Bem vindos ao sistema operativo Zuckerberg

As realidades aumentada e virtual são a base tecnológica do novo mundo que o Facebook quer construir. É um mundo em que todas as interações ocorrem dentro da bolha social.

Mark Zuckerberg deu uma entrevista sobre realidade aumentada e virtual ao podcast 411 do site The Information. A entrevista é interessantíssima, especialmente porque explica bem a visão do mundo ideal que o líder do Facebook está a preparar. E qualquer pessoa que oiça a entrevista e que não seja funcionária ou investidora da empresa deve tremer de medo com o plano do que aí vem. Assumindo que “o santo graal das experiências sociais é sentir a presença do outro com quem estamos a interagir”, Zuckerberg assume que a realidade aumentada e virtual é “o futuro da computação e das experiências sociais, e por isso a prioridade absoluta” da empresa.

O plano de Zuckerberg é simples: ter “uns óculos de aspeto normal” enquanto se está sentado em casa no sofá, interagindo com amigos e membros da família que estão presentes e os que não estão, através de avatares “teletransportados” para o mesmo sofá; e, quando se quiser, colocam-se os óculos em blackout e mergulha-se num mundo de “realidade virtual”.

Pelo meio trabalha-se e interage-se profissionalmente, especialmente através de “interfaces com os neurónios motores” que interpretam sinais do cérebro para criar “joysticks virtuais”, “como se fosse uma terceira ou quarta mão”. Para concretizar isto tudo, a empresa californiana está a investir massivamente na criação de um sistema operativo para dispensar o Android e o iOS e gerir ditatorialmente que experiências farão parte dele – para além de que está a desenvolver o seu próprio chip. É a este mundo, a que “vão aderir biliões de pessoas”, que Zuckerberg aponta. E porquê? Porque isso é a concretização absoluta da sua visão, em que nos tornamos todos meras peças do sistema operativo Zuckerberg.

Zuckerberg quer ser o intermediário do mundo. Não é só das relações sociais, é de todo o entretenimento, consumo, cultura, trabalho de cada um de nós. Este sistema operativo será um universo onde cada utilizador é um somatório de pontos de dados que opera de acordo com as subtis recomendações do sistema, que enriquece pela mera existência. Ele decidirá o que somos autorizados a consumir, com quem falamos, como trabalhamos, ao mesmo tempo que recolhe todos os dados possíveis para nos vender aquilo que quiser da forma que quiser. Como diz o próprio Zuckerberg, será precisa uma década para construir “este futuro melhorado, onde podemos ser quem queremos ser e estar onde queremos estar”. Leia-se, onde ele quer estar – que é em todo o lado.

Este é o corolário de todo o capitalismo anti-liberal nascido em Silicon Valley. É a Amazon, a Apple, a Google e o Facebook juntos num só. E é a maior ameaça à ideia de autonomia individual e à coesão social que alguma vez existiu. Em termos coletivos, isto é o equivalente da série Matrix, com a desvantagem de não ter sido desenhado por nenhuma inteligência artificial especializada em arquitetura de sistemas; no planeta Terra de 2030, o nosso equivalente divino será apenas um geek que começou a fazer uma aplicação para avaliar miúdas na universidade e depois enriqueceu a destruir a democracia, a promover genocídios e a questionar o modelo liberal construído nos últimos 250 anos. Em termos individuais, não há equivalente para esta visão – seria preciso um episódio particularmente apocalíptico de Black Mirror para demonstrar este cenário assustador.

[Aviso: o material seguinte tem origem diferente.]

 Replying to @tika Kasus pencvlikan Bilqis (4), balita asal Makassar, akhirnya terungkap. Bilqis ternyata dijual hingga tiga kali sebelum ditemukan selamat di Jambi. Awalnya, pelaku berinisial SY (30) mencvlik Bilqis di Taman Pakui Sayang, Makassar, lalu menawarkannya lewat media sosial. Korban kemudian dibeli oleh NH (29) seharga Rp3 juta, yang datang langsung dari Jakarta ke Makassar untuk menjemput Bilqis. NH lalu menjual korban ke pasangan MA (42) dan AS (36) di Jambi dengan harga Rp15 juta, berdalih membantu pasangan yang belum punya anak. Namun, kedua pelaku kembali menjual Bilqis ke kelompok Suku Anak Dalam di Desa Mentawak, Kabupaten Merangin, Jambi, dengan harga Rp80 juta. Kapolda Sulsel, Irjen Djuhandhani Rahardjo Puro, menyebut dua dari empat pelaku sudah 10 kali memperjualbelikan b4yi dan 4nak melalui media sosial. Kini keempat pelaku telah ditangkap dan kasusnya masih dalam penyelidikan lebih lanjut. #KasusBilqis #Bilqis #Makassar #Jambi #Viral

Claro que tudo isto só acontecerá se deixarmos: se os consumidores aderirem de forma acéfala e cederem toda a sua privacidade, se os reguladores continuarem a permitir os abusos repetidos por parte da empresa, se a concorrência continuar a ser esmagada e/ou adquirida pelo peso monopolista do Facebook.

Se esta década nos ensinou alguma coisa, foi que este cenário distópico chega em pequenos incrementos e de forma subtil. Sempre argumentando com “melhorias” para o sistema, vai enredando os cidadãos em modelos que criam cada vez maiores dependências, retirando objetivamente a possibilidade de escolha e arruinando a individualidade. A única diferença face ao que aconteceu nesta última década é que agora a impunidade dos todos-poderosos lhes permite anunciar grandiosamente estas mundividências. Agora, ao menos, ninguém pode dizer que não sabe onde se está a meter.

Ler mais: Para entender o modo como hoje somos todos pontos de geração de dados num universo digital, vale a pena ler o How we became our data. O livro traça as raízes da transformação do indivíduo em números, recuando à introdução dos números de identidade e avançando até aos múltiplos pontos de dados deixados na pegada digital de hoje. E ao mesmo tempo cruza disciplinas, recolhendo conceitos dos média, da filosofia política e da economia para explicar o mundo de hoje.